Itulah saat di mana Rizieq Shihab berdiri tegak di puncak piramida massa raksasa, mengenakan jubah Imam Besar, dan beberapa kali dengan lantang meneriakkan ancaman revolusi.Â
Namun ruang dan waktu tidak selalu mampu mempertahankan keajekan momentum yang membuat ia bisa terus menerus bersinar seperti itu.
Dan meredupnya sinar politik Rizieq ini dimulai oleh pendekatan baru pemerintah yang sudah mulai.gerah dengan laku kelompok tersebut.
Posisi tawar politik Rizieq saat ini bisa disebutkan tengah dalam titik nadir.

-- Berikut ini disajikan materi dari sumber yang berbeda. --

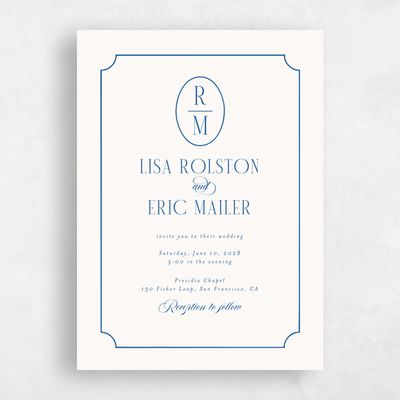 Cobalt, Blue Wedding Invitation - Idalia Portrait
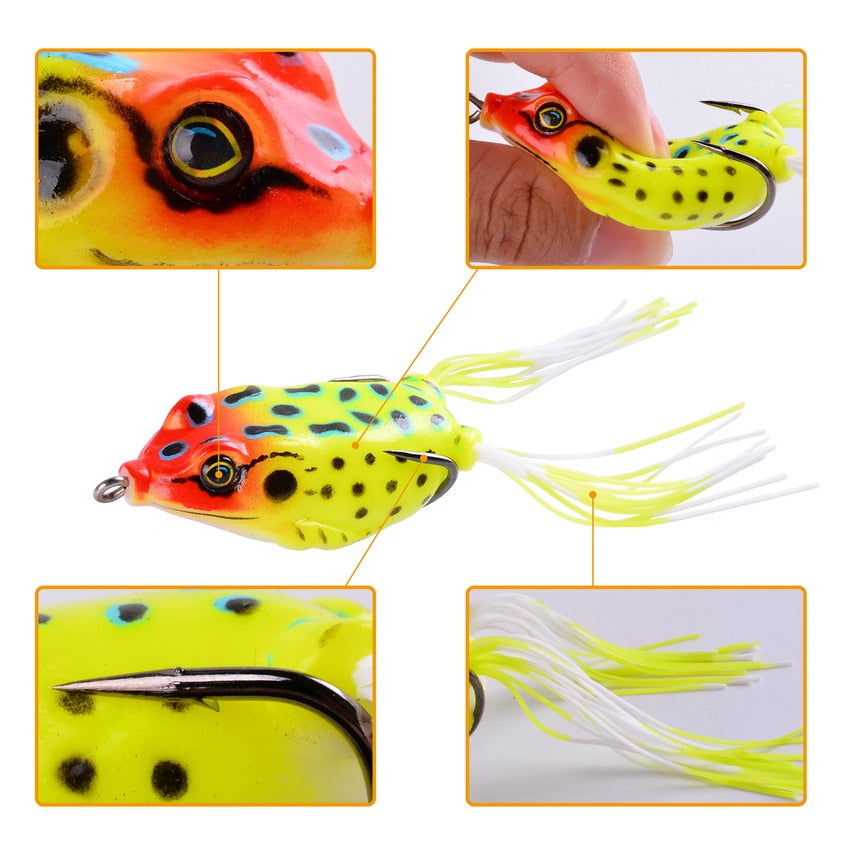 Soft Frog Fishing Lures 4 pcs + 20 space beans + 1 pvc box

Namanya tak lagi bisa ditunggangi para politisi untuk meraih kekuasaan seperti yang terjadi dalam Pilkada DKI 2017 dan Pilpres 2019 lalu.
Kita tahu lah peran Rizieq dan kelompoknya yang mampu membawa Anies Baswedan menduduki DKI 1 serta bagaimana kiprahnya dalam Pilpres 2019 ketika mendukung Prabowo-Sandi.
Dan ini menjadi succes story yang terus mereka jual diberbagai kesempatan setelahnya, untuk mempertahankan bargaining position mereka.
Sejak kembali ke tanah air awal November lalu, Rizieq dan kelompoknya mencoba menguatkan posisi politiknya dengan mengusung jargon revolusi akhlak, namun jargon ini ditanggapi dingin oleh sebagian besar masyarakat.